Один лишь Ромилайу — плотный, коренастый, весь в морщинах — казался недовольным, но это было его обычное выражение.
— Грун ту молани, — молвила королева.
— Что это значит? Что она сказала?
— Она говорит, вы любите жизнь. Грун ту молани. Жажда жизни.
— Да, да, о да! Молани. Точно — я молани! Как она догадалась? Господь вознаградит её за эти слова. Я сам её вознагражу. Взорву к чертям этих мерзких лягушек, чтобы полетели вверх тормашками до самого неба! Они у меня пожалеют, что спустились с гор и напали на это благословенное селение. Молани! Я жажду жизни не только для себя, но и для других людей. Не смог вынести того, что мир полон скорби, вот и пустился в путь. Грун ту молани, госпожа королева. Грун ту молани — всем вам. — Я приподнял шлем, салютуя членам монаршего рода и придворным. — Грун ту молани.
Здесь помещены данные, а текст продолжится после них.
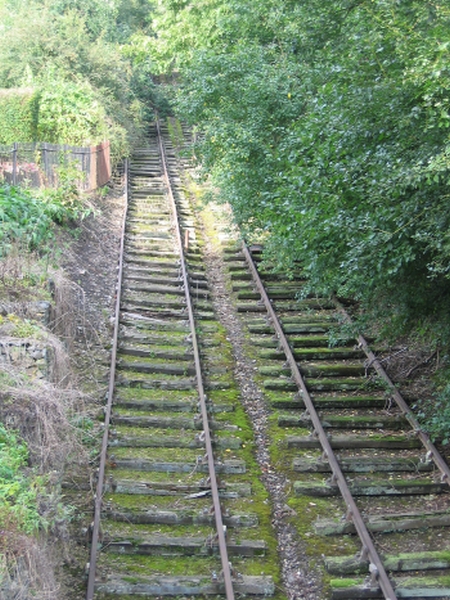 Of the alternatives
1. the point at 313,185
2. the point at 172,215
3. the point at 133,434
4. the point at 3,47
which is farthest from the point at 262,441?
the point at 3,47

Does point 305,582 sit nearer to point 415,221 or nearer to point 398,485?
point 398,485

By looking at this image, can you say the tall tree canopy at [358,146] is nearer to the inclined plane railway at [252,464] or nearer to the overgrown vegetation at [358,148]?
the overgrown vegetation at [358,148]

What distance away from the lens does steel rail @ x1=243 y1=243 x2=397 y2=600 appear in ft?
20.5

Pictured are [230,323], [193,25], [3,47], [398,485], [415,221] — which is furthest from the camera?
[3,47]

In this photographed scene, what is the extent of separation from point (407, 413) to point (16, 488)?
5144 millimetres

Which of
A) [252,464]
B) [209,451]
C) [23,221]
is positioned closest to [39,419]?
[209,451]

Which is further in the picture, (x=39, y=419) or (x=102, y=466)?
(x=102, y=466)

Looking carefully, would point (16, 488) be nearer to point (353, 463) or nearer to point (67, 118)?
point (353, 463)

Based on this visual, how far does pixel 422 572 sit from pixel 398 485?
1.33 metres

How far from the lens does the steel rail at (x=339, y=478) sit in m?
6.24

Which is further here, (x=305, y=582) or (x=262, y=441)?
(x=262, y=441)

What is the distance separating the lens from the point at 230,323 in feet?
40.7

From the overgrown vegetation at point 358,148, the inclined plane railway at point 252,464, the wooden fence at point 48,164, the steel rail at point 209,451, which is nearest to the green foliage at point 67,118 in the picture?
the wooden fence at point 48,164

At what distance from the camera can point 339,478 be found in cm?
768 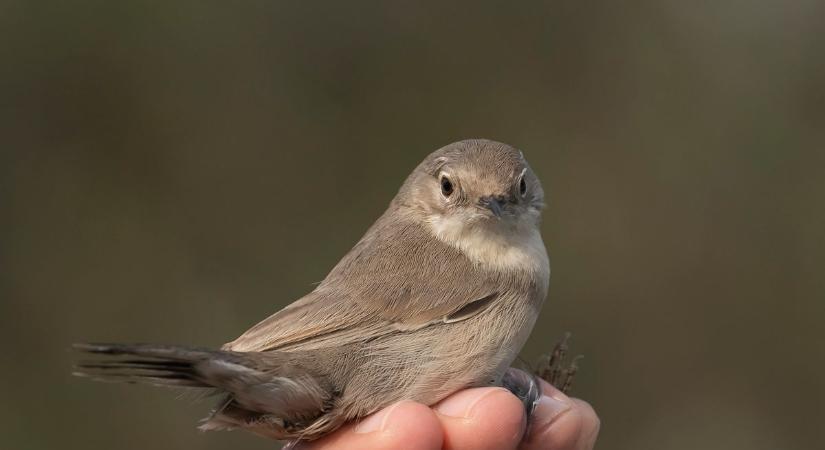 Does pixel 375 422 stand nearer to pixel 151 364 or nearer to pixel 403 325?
pixel 403 325

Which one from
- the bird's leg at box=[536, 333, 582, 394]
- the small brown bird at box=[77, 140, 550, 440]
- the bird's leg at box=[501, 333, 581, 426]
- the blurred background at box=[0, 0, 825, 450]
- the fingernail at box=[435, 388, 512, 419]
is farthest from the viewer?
the blurred background at box=[0, 0, 825, 450]

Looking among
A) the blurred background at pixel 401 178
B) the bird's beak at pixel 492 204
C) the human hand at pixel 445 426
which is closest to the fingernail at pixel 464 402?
the human hand at pixel 445 426

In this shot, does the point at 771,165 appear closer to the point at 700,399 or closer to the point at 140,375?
the point at 700,399

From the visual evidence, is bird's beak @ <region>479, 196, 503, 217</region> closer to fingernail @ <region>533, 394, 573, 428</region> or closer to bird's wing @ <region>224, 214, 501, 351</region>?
bird's wing @ <region>224, 214, 501, 351</region>

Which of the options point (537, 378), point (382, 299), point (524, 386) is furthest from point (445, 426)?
point (537, 378)

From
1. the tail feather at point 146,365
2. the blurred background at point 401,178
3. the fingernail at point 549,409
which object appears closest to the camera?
the tail feather at point 146,365

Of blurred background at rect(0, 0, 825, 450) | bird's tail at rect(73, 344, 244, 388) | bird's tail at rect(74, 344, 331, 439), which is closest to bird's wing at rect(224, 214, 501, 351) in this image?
bird's tail at rect(74, 344, 331, 439)

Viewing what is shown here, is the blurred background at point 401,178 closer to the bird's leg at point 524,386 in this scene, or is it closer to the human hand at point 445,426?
the bird's leg at point 524,386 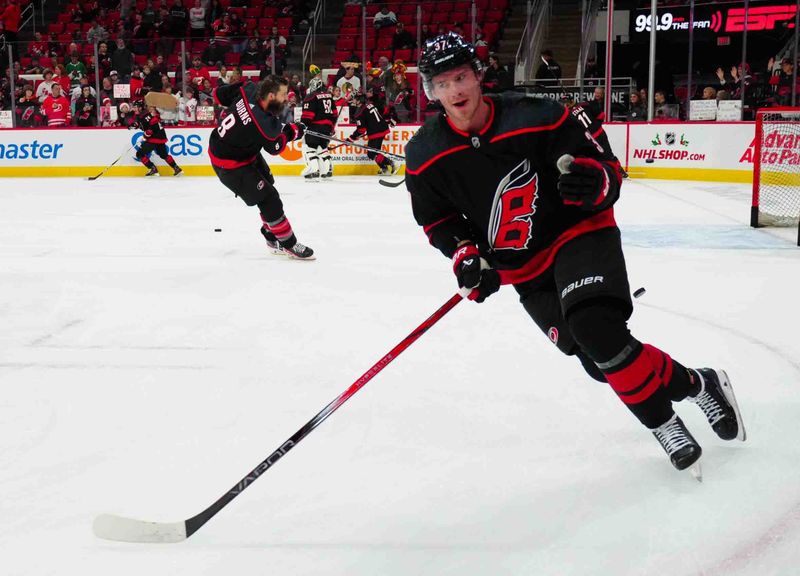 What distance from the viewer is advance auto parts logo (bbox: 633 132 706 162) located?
34.4 ft

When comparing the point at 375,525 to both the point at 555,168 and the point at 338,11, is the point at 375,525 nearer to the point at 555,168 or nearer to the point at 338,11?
the point at 555,168

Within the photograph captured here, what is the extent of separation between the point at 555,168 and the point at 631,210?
5.96 meters

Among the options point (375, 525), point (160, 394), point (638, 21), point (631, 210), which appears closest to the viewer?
point (375, 525)

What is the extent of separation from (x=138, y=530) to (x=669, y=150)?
32.2ft

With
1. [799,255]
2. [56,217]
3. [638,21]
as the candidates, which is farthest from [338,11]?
[799,255]

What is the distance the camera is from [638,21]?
11969mm

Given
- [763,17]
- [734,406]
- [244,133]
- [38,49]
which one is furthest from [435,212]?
[38,49]

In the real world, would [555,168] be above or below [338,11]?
below

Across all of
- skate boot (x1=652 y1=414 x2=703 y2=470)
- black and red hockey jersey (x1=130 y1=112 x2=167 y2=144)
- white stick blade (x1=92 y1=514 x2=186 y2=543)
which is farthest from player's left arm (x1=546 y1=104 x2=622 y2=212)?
black and red hockey jersey (x1=130 y1=112 x2=167 y2=144)

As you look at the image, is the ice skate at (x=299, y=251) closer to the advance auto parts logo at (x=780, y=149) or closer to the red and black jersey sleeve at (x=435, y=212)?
the red and black jersey sleeve at (x=435, y=212)

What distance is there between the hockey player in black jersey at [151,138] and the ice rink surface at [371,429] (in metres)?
6.78

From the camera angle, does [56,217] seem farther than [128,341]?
Yes

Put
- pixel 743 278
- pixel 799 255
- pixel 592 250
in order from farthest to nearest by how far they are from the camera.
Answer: pixel 799 255, pixel 743 278, pixel 592 250

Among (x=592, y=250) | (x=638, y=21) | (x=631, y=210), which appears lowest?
(x=631, y=210) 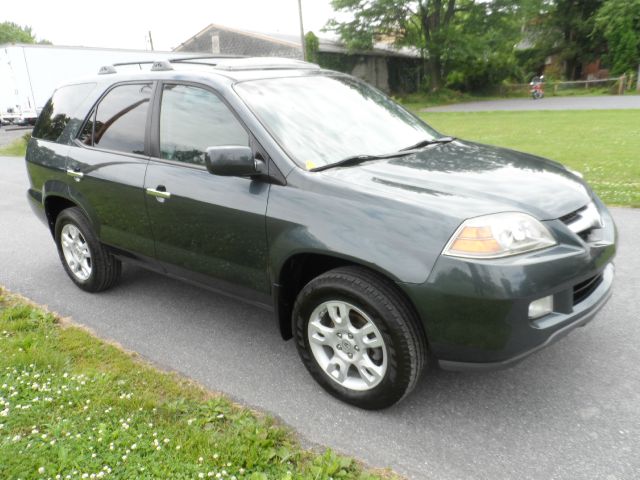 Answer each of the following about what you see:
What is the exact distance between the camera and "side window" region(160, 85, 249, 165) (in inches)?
129

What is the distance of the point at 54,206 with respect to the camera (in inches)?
189

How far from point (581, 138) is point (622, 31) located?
24855mm

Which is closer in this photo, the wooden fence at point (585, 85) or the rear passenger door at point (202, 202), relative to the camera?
the rear passenger door at point (202, 202)

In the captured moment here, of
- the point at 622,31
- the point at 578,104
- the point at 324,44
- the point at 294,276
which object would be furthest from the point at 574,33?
the point at 294,276

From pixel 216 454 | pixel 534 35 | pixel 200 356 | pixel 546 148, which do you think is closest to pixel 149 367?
pixel 200 356

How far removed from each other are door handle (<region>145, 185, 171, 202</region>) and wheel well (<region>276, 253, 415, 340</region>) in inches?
41.1

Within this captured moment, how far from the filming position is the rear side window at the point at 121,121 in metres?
3.83

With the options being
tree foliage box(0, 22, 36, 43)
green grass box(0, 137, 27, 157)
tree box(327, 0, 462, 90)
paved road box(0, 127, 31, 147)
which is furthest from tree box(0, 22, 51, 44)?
green grass box(0, 137, 27, 157)

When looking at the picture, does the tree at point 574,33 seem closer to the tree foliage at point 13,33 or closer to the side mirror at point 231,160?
the side mirror at point 231,160

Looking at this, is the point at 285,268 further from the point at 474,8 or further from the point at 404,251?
the point at 474,8

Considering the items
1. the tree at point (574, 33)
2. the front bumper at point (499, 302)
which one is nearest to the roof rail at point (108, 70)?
the front bumper at point (499, 302)

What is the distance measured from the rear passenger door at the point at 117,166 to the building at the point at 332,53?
3142cm

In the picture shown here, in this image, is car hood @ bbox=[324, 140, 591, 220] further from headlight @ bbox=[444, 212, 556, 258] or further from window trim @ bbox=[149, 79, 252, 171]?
window trim @ bbox=[149, 79, 252, 171]

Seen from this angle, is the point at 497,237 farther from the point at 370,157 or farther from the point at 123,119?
the point at 123,119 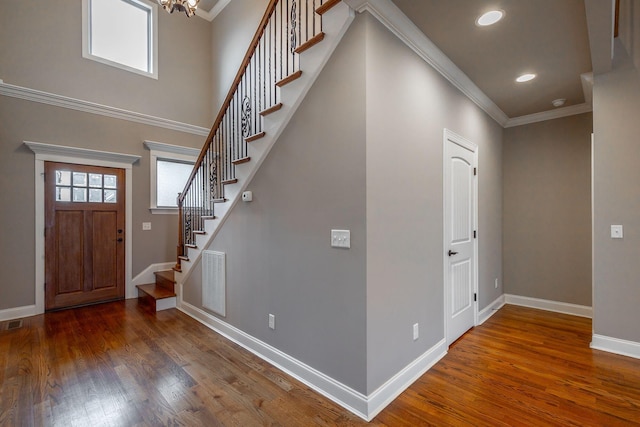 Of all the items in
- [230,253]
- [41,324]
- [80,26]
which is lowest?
[41,324]

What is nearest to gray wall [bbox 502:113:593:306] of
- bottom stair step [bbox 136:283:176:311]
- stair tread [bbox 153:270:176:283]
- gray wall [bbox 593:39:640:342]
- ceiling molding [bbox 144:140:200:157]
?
gray wall [bbox 593:39:640:342]

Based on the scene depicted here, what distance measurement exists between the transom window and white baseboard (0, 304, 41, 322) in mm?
1483

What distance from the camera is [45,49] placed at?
412cm

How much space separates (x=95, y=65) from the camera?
4543 millimetres

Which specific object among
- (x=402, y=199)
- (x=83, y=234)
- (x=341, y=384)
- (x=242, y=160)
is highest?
(x=242, y=160)

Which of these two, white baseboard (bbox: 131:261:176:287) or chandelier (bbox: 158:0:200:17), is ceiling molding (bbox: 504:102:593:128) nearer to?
chandelier (bbox: 158:0:200:17)

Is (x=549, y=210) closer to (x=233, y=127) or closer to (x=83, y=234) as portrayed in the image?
(x=233, y=127)

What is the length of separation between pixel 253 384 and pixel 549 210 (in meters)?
4.37

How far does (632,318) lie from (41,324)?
6407mm

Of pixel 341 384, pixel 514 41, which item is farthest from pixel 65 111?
pixel 514 41

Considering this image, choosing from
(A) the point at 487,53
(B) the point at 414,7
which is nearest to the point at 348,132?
(B) the point at 414,7

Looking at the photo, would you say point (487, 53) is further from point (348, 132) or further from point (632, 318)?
point (632, 318)

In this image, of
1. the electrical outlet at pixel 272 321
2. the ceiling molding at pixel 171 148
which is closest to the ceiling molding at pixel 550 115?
the electrical outlet at pixel 272 321

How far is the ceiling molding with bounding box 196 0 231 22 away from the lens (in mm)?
5620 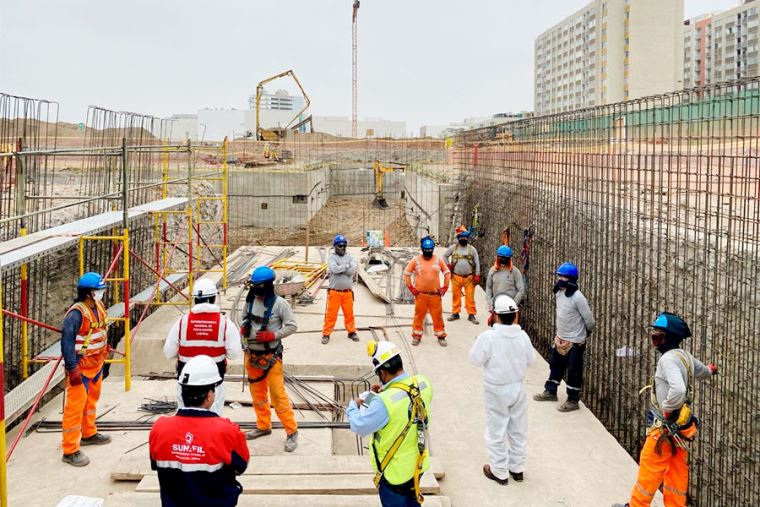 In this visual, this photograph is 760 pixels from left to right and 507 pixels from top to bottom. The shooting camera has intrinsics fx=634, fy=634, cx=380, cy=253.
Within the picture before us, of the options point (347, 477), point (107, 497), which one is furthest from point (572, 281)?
point (107, 497)

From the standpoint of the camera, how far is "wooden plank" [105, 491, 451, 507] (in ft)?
15.5

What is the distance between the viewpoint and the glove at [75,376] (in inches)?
208

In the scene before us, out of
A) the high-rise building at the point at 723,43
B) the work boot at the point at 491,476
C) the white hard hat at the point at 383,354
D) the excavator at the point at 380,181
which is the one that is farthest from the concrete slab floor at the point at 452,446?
the high-rise building at the point at 723,43

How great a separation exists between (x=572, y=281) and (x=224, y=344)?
12.0ft

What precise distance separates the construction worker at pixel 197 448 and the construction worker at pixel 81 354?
2.42m

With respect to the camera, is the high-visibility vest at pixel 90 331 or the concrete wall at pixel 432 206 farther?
the concrete wall at pixel 432 206

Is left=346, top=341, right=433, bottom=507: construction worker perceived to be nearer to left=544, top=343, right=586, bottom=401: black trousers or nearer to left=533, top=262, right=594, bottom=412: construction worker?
left=533, top=262, right=594, bottom=412: construction worker

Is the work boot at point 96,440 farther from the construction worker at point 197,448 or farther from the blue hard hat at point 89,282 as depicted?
the construction worker at point 197,448

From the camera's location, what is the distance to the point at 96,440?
5961 mm

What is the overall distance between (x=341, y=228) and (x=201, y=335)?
22.7 metres

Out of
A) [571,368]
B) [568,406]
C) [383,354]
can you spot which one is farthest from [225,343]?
[568,406]

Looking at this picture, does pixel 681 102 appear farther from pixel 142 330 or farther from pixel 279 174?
pixel 279 174

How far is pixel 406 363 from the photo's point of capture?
8602mm

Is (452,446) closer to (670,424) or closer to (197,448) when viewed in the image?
(670,424) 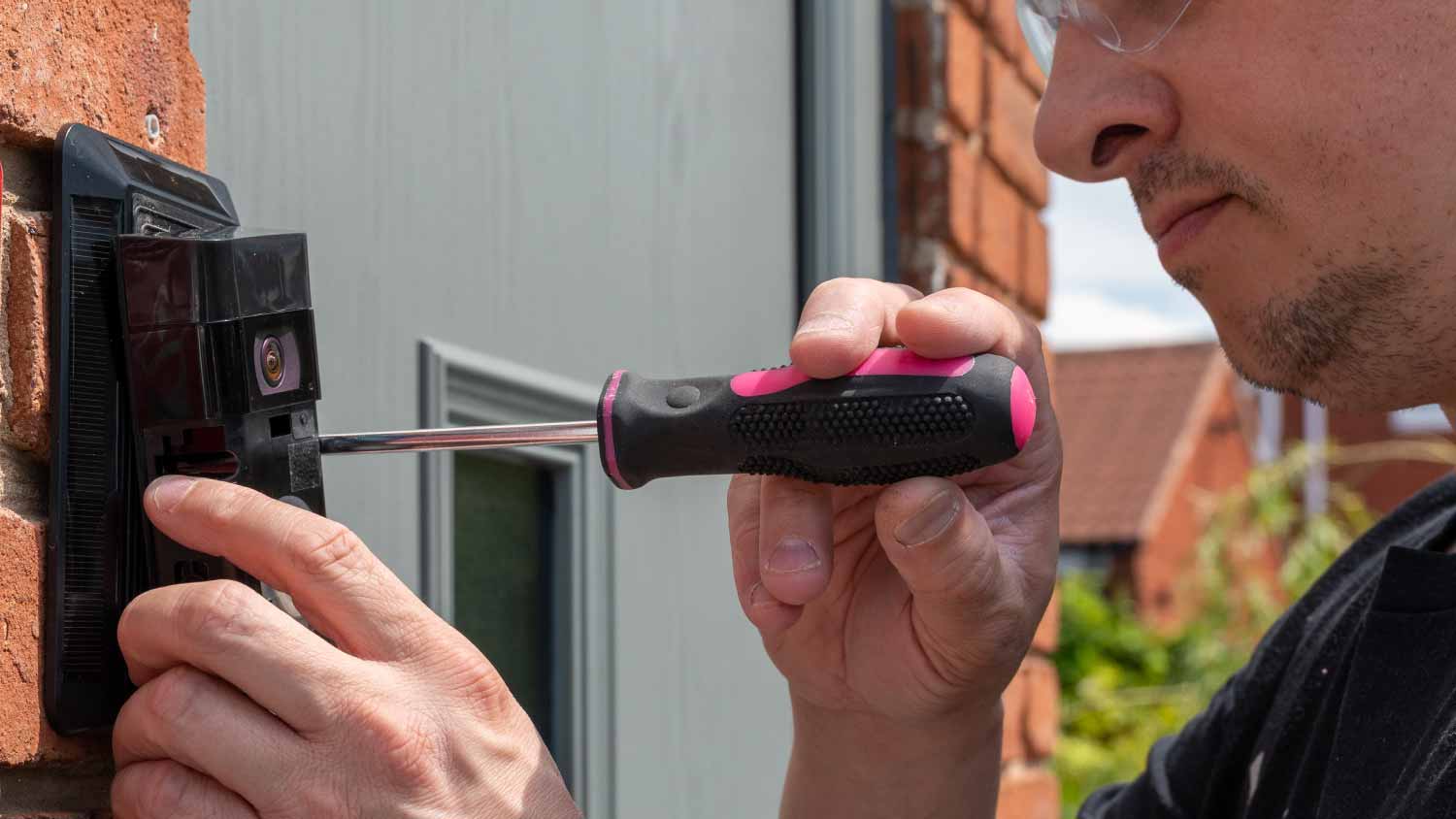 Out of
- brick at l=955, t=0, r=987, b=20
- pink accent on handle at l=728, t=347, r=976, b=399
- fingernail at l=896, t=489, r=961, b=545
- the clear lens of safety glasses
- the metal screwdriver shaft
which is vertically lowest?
fingernail at l=896, t=489, r=961, b=545

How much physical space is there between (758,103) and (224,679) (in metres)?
0.92

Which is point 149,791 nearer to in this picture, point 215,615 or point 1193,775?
point 215,615

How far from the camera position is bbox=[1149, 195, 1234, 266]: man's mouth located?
1006mm

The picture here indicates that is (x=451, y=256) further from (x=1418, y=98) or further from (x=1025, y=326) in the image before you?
(x=1418, y=98)

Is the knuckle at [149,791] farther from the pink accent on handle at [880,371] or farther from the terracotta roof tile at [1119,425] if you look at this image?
the terracotta roof tile at [1119,425]

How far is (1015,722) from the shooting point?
173 cm

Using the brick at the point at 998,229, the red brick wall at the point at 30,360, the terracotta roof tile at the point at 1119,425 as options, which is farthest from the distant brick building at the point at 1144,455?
the red brick wall at the point at 30,360

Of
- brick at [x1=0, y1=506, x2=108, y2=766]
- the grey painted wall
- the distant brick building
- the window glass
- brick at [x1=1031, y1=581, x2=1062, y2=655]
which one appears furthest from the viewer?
the distant brick building

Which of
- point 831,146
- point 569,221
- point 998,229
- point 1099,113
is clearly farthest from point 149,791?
point 998,229

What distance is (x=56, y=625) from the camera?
26.0 inches

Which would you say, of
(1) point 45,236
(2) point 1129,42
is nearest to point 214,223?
(1) point 45,236

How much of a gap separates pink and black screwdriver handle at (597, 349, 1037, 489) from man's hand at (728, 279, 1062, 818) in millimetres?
17

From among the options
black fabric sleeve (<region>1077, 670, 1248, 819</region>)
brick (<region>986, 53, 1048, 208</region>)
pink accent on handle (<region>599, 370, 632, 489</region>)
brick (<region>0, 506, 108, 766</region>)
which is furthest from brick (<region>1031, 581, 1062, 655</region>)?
brick (<region>0, 506, 108, 766</region>)

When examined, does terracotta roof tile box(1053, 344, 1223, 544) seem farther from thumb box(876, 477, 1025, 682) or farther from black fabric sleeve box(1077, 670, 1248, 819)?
thumb box(876, 477, 1025, 682) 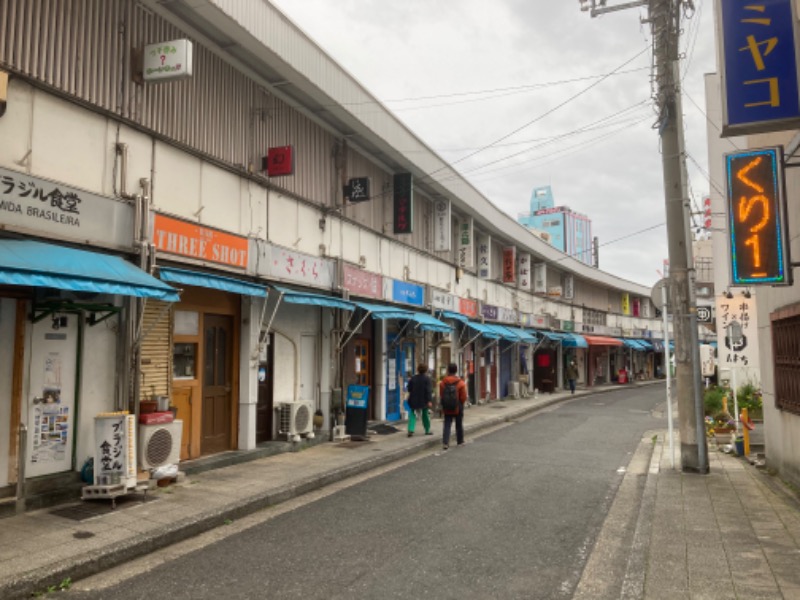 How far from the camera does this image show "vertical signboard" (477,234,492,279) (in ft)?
77.6

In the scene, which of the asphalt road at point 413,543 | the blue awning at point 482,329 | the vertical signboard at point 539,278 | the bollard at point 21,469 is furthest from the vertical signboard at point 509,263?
the bollard at point 21,469

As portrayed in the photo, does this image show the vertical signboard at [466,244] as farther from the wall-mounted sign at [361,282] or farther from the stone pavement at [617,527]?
the stone pavement at [617,527]

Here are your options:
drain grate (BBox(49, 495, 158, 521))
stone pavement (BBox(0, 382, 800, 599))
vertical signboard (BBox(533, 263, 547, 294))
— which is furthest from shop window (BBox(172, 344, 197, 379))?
vertical signboard (BBox(533, 263, 547, 294))

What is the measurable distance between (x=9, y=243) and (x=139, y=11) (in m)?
4.38

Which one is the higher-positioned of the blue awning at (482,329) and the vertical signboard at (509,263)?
the vertical signboard at (509,263)

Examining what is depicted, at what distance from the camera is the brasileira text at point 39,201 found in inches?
253

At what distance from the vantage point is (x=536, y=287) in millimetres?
30203

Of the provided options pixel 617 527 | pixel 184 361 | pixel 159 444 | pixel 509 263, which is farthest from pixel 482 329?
pixel 159 444

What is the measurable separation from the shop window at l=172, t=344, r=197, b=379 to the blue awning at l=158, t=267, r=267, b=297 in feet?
4.64

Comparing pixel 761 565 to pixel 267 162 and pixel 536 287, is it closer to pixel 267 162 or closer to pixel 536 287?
pixel 267 162

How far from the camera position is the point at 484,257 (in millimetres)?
23859

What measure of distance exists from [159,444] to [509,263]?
20.6 m

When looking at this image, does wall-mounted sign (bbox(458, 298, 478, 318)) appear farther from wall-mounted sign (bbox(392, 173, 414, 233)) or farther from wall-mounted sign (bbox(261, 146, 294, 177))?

Господь не играет в кости нашими душами, а посему — грун ту молани!
Все заулыбались. Мталба не разомкнула щербатого рта, но всем своим видом выражала восторг и прямо-таки таяла под моим взглядом.
ГЛАВА 8
Я принадлежу к известному роду, на который на протяжении ста с лишним лет сыпались насмешки и проклятия современников. Так что, когда я крушил бутылки на берегу вечных вод, люди вспоминали не только моих великих предков, послов и государственных деятелей, но и психов. Один принял участие в Боксёрском восстании[4], потому что возомнил себя восточным человеком. Другой выбросил 300 000 долларов на итальянскую актрису. Третьего унесло на воздушном шаре, когда он пропагандировал движение суфражисток[5]. В нашем роду было полно скоропалительных, необдуманных браков. В предыдущем поколении один из Хендерсонов получил медаль «Корона Италии» за спасательные работы после землетрясения в Мессине, на Сицилии. Он гнил заживо в Риме, где от нечего делать въезжал во дворец верхом на коне прямо из своей спальни. Узнав о землетрясении, он первым же поездом рванул в Мессину и провёл две недели практически без сна, разгребая развалины и извлекая оттуда целые семьи. Это говорит о том, что в роду царил дух служения человечеству, хотя порой он и выливался в ненормальные поступки.
Говорят, я на него похож. У нас одна и та же окружность шеи — двадцать два дюйма. В подтверждение можно привести эпизод времён моей службы в Италии, когда я один удерживал заминированный мост, не давая ему взлететь на воздух до прибытия сапёров. Но это как бы выполнение воинского долга. Более убедительный пример: моё поведение в больнице, когда я лежал со сломанной ногой и почти все время пропадал в детском отделении, развлекая и подбадривая детвору. Я прыгал на костылях, в больничном халате, забывая завязать тесёмки на спине, так что сзади все было видно. Пожилые нянечки норовили прикрыть мой срам, но за мной было не так-то легко угнаться.
И вот мы очутились в африканской глуши — глуше некуда, — где хорошие люди страдали от нашествия лягушек. Естественно, я горел желанием им помочь.